*WHAT THE TASK ASKS:*
Output the entries below exactly, from the first line to the line holding "Tactical Admin Pouch", both included.

*** Begin section ***

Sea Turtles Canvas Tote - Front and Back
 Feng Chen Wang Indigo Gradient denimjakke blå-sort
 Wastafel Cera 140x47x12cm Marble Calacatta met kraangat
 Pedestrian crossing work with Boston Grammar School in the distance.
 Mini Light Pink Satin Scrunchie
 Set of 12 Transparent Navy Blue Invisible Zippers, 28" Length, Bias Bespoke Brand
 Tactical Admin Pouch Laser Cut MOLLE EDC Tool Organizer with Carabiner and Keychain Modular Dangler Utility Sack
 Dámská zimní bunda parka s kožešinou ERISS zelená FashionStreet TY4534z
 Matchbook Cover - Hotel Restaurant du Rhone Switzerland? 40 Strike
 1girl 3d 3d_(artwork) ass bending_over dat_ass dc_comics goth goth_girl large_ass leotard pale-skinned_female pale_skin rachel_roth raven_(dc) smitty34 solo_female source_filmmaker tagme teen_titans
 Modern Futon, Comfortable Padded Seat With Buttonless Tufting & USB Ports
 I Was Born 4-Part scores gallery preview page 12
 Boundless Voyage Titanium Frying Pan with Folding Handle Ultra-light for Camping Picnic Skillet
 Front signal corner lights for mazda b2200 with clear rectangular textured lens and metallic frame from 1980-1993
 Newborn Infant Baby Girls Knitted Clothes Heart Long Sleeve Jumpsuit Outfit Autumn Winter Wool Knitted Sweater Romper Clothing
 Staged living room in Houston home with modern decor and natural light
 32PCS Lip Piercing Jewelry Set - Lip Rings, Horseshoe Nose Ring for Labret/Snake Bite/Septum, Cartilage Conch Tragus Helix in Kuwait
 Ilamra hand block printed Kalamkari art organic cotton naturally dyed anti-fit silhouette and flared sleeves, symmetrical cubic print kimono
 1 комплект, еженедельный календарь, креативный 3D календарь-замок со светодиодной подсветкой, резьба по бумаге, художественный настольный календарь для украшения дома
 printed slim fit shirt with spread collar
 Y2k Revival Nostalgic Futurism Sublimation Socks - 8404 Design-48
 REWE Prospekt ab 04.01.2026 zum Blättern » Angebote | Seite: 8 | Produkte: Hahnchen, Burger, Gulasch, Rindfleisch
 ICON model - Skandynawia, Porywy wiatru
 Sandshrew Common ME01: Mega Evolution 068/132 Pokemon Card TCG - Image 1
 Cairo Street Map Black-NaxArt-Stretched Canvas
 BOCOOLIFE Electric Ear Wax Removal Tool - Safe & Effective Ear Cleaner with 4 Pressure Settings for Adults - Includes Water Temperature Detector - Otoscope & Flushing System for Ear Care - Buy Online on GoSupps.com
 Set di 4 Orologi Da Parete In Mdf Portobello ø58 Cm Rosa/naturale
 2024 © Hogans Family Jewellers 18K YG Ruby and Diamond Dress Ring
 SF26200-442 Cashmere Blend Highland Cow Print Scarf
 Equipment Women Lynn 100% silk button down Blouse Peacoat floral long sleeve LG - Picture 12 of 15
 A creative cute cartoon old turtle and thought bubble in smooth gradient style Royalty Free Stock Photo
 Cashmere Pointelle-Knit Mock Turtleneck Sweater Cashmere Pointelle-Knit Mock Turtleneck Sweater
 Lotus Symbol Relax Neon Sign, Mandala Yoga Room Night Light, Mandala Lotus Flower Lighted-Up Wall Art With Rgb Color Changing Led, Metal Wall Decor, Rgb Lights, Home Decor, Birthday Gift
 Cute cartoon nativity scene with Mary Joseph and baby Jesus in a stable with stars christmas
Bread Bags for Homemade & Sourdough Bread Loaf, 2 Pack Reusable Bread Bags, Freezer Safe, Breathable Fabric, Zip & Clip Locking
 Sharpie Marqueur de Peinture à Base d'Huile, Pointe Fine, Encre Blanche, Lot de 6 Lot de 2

*** End section ***

*PROBLEM SOLUTION:*
Sea Turtles Canvas Tote - Front and Back
 Feng Chen Wang Indigo Gradient denimjakke blå-sort
 Wastafel Cera 140x47x12cm Marble Calacatta met kraangat
 Pedestrian crossing work with Boston Grammar School in the distance.
 Mini Light Pink Satin Scrunchie
 Set of 12 Transparent Navy Blue Invisible Zippers, 28" Length, Bias Bespoke Brand
 Tactical Admin Pouch Laser Cut MOLLE EDC Tool Organizer with Carabiner and Keychain Modular Dangler Utility Sack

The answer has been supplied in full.